I am animating a lab scene it will have classic grave yard skulls run on an SSC-32 with VSA and Helmsman. I am also trying to run LED mini spotlights, and relays from the ssc32, but now I need to add one more thing. I got a Chauvet scorpion storm laser light show. This thing is crazy awesome, when I look at the pretty patterns I feel like a stench watching sky flowers:zombie: (land of the dead reference) it is DMX programmable and I want to trigger a specific pattern with the laptop at the end of my VSA sequence. I saw nelson from monkey basic with a DMX control in his set up and am hoping to ad this whole other level to my show.
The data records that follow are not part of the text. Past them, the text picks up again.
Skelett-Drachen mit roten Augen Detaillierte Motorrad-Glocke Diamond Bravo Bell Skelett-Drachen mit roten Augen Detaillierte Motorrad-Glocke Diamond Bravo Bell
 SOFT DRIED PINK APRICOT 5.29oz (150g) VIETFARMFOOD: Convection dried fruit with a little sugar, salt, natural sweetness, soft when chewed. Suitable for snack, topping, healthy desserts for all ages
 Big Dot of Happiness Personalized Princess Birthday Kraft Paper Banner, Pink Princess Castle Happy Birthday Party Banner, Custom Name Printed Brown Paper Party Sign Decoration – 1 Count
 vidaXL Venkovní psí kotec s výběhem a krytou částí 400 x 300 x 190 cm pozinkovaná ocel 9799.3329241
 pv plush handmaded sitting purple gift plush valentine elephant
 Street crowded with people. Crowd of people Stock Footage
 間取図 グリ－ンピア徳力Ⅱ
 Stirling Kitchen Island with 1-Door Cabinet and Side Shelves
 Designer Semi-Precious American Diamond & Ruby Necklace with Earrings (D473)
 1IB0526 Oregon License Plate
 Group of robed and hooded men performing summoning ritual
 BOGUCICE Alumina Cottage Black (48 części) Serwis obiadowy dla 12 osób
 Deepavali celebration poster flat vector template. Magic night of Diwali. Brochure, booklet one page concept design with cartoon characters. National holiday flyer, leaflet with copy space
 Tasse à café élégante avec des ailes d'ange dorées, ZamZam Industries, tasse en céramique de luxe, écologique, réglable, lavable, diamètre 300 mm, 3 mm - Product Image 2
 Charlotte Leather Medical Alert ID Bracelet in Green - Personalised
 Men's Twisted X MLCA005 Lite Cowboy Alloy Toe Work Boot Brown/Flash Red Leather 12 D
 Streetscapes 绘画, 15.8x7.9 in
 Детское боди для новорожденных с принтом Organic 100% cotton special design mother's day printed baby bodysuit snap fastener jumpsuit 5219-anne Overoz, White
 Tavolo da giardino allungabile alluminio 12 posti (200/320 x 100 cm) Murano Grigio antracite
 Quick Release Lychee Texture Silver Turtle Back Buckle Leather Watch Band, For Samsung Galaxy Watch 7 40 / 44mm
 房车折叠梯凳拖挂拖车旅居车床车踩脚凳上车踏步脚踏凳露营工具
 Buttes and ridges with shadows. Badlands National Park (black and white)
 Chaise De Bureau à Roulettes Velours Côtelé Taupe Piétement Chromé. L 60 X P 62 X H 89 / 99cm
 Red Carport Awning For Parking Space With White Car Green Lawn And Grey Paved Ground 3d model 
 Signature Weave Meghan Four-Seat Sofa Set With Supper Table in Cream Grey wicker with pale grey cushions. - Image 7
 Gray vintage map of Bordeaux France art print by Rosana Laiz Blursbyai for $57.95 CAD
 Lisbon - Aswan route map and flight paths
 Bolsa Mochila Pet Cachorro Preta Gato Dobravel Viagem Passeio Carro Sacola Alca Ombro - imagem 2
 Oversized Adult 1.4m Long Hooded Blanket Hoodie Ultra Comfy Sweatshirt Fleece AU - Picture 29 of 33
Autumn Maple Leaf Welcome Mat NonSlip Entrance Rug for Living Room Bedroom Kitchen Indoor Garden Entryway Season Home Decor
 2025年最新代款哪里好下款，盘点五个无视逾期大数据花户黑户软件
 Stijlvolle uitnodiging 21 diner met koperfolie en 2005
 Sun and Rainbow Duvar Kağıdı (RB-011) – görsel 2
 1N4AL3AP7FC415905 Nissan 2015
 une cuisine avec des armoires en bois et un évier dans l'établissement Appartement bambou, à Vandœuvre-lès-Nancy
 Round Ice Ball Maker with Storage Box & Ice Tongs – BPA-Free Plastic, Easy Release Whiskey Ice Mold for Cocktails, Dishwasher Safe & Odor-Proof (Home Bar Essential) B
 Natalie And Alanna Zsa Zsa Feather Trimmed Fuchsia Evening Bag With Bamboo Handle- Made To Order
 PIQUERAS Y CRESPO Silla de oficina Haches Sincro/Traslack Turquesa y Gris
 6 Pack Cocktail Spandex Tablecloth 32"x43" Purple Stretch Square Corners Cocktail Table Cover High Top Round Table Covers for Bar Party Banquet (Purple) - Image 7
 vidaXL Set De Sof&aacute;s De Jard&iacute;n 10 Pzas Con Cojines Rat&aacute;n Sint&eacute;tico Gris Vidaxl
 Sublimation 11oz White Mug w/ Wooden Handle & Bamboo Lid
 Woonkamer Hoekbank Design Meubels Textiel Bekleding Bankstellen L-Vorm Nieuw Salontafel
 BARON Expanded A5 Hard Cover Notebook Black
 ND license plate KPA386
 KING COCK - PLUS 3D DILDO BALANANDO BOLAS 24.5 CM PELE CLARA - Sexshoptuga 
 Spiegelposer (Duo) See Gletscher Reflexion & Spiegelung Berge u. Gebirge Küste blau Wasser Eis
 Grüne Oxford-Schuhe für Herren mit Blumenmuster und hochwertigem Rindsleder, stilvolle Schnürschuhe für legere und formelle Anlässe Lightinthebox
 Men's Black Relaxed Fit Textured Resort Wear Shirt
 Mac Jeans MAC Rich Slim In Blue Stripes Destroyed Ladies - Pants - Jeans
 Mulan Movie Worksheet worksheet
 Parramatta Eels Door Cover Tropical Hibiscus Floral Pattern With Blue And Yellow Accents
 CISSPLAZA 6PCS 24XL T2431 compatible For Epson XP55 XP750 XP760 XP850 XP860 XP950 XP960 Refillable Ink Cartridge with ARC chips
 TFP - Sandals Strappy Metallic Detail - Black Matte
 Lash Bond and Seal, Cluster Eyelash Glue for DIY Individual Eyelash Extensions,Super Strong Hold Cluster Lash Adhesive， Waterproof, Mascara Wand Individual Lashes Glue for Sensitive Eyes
So my question is; what is the simplest way to rum DMX from VSA or helmsman. I will be triggering it for 30 seconds roughly. What cables or converters do I need to get, will I need still another program? And what’s the best place to get that stuff? I know that DMX is attached in a big chain, so do I need cables to and from this laser?


----------



## Brett Baker (Aug 3, 2010)

I emailed nelson at monkey basic, he was very helpful see below

DMX is very easily controlled by VSA, you simply need a USB to DMX converter, which can be found here: http://www.enttec.com/index.php?main_menu=Products&pn=70303&show=description&name=opendmxusb

The converter connects to a DMX cable and the cable will plug into your Chauvet device. A small warning, DMX cables come in 2 types, 3 pins and 5 pins. The Enttec DMX converter has a 5 pin output and the Chauvet most likely has a 3 pin connector. So you may also need a 5pin to 3pin adapter as well.

Hope this helps,
Nelson


----------



## MonkeyBasic (Mar 22, 2009)

Let me know if anyone has any questions.


----------



## Brett Baker (Aug 3, 2010)

I got my open dmx usb from entec, hooked it usb using a 5to3 pin adapter, loaded the driver on the disk (d2XX driver instal), went to vsa, opened a new program, went to tools, then settings and entered the following settings
Name:laser, Type I tried, dmx dimmer, dmx servo, and dmx relay, port:enttec-0, address: zero, +value:255, -value:0, Default:127, 
turned on the laser put it in slave mode, pressed play in vsa... and.......nothing
do I need another software? we open in 7 days.... thanks!!


----------



## MonkeyBasic (Mar 22, 2009)

That should be all that you need. In VSA, are you choosing "Enttec-0 Open", not Pro correct?

Are you sure about the address of the laser?


----------



## Brett Baker (Aug 3, 2010)

The port is :enttec-0 is that what you mean?


----------



## MonkeyBasic (Mar 22, 2009)

What is the make/model of the laser? I can see if there is a user guide on line and perhaps I can get a better idea of why it isn't working.


----------